The head of the Reserve Bank of Australia says house prices aren’t rising too fast but has warned buyers not to over-extend themselves when taking out a home loan.
RBA governor Glenn Stevens says the recent surge in house prices is reversing an earlier weaknesses. "My own view, thus far, has been that some rise in housing prices is part of the normal cyclical dynamic," he told a Citi Group Investment Conference in Sydney on Tuesday.
"Moreover, credit growth, at between four and five per cent per annum to households, and less than that for business, does not suggest that rising leverage is so far feeding the price rise.
"Hence, it has been a little too early to signal great concern."
Mr Stevens said that while credit growth is quite low at the moment, borrowing by investors in the Sydney housing market was becoming "noticeably stronger".
"We have certainly experienced higher rates of growth of finance than that in the past," he said.

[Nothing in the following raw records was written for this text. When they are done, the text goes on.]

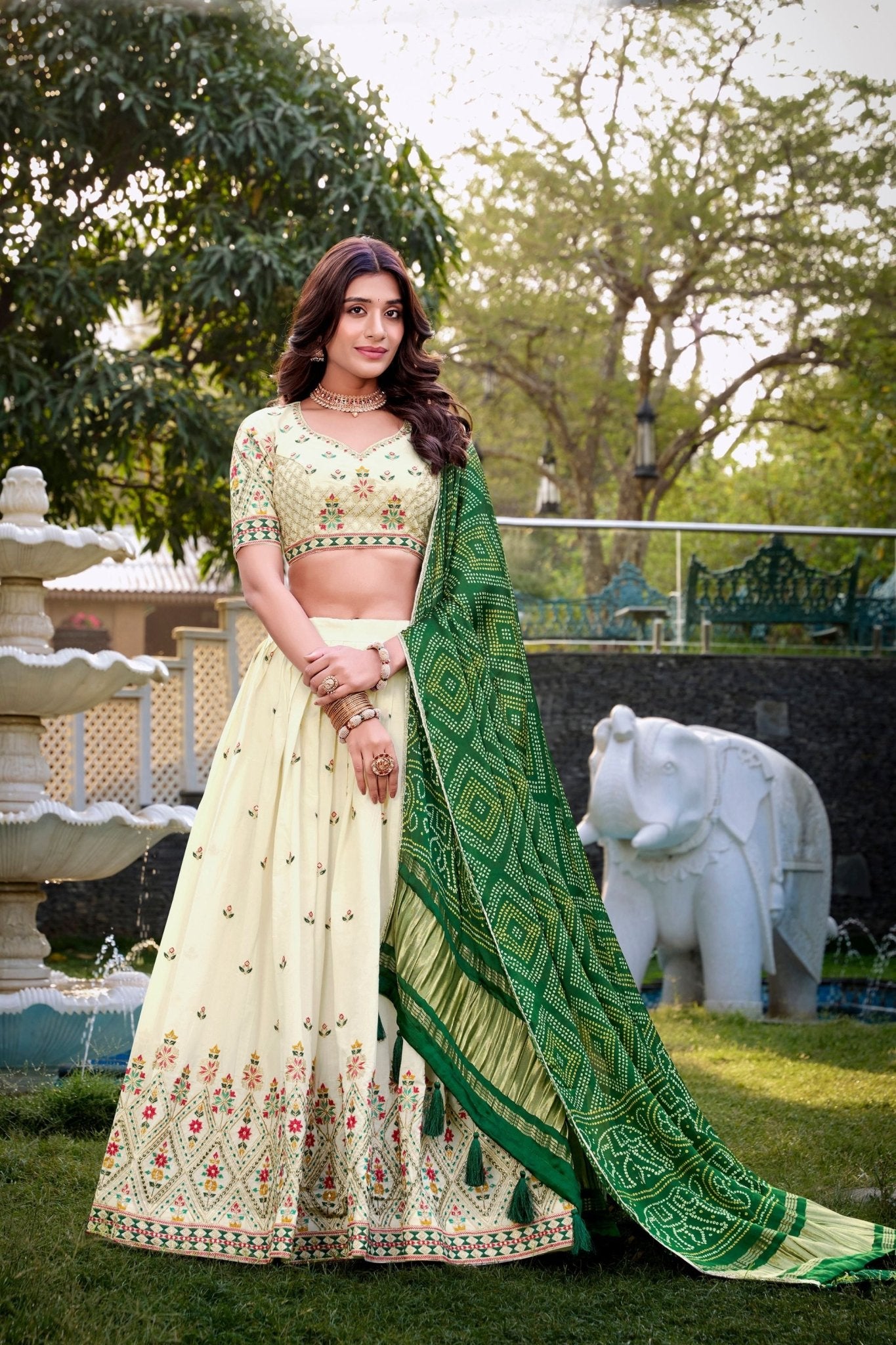 Off - White Geometric Floral Embroidered Lehenga Choli Set with Green Bandhej Dupatta - Mangaldeep NX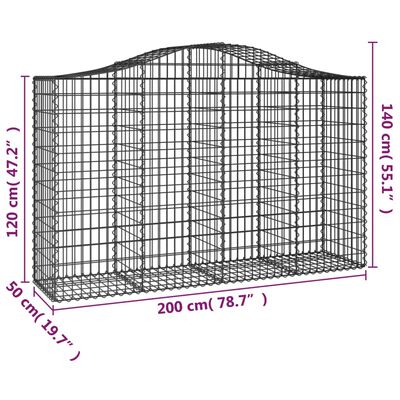 vidaXL Gabioner bågformade 2 st 200x50x120/140 cm galvaniserat järn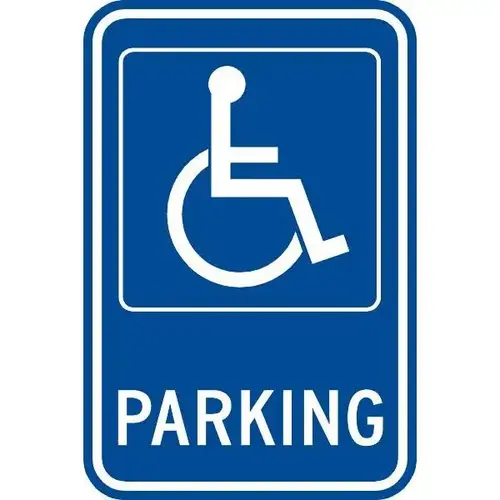 Parking Symbol Disabled Parking Sign, Blue Reflective, 12 X 18" Parking Symbol Disabled Parking Sign, Blue Reflective, 12 X 18"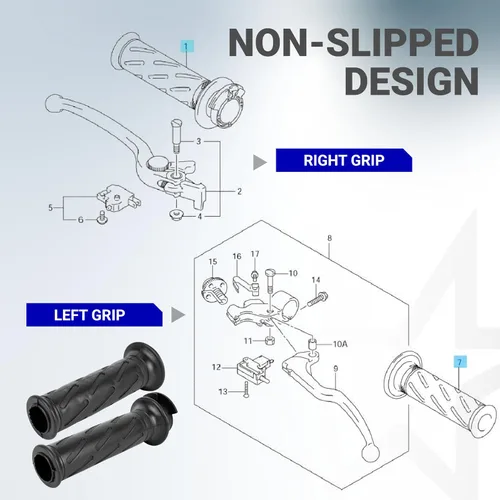 Vista 5 de BlueStars Durable 57110-29G02-291 & 57211-22D02-291 - Agarres de mano para motocicleta, compatibles con Suzuki GSX-R600 GSX-R750 GSX-R1000 AN400
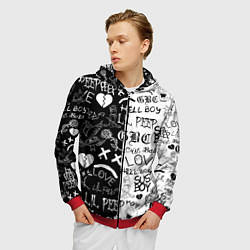 Толстовка 3D на молнии мужская LIL PEEP LOGOBOMBING, цвет: 3D-красный — фото 2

"Nonetheless, as this activity continues, lenders and borrowers alike would be well advised to take due care.
"It is very important that strong lending standards remain in place, and that decisions be based on sensible assumptions about future returns.
"That's what we need if we are to experience a long and sustainable expansion in housing investment that houses our growing population at acceptable cost, and pays reasonable returns on the capital deployed.
"That's the sort of outcome we want, as part of the more balanced growth." Mr Stevens also noted there had been improved consumer and business sentiment in Australia.
"It is not yet clear to what extent, or when, these more favourable trends in confidence will translate into intentions to spend, invest and employ.
"The pace of new dwelling construction is starting to respond to higher prices in the established property market, as we need it to. But at this stage, the available information suggests that broader investment intentions in the business community remain subdued.
"It may be a while yet before we can expect to see conclusive evidence of a change here."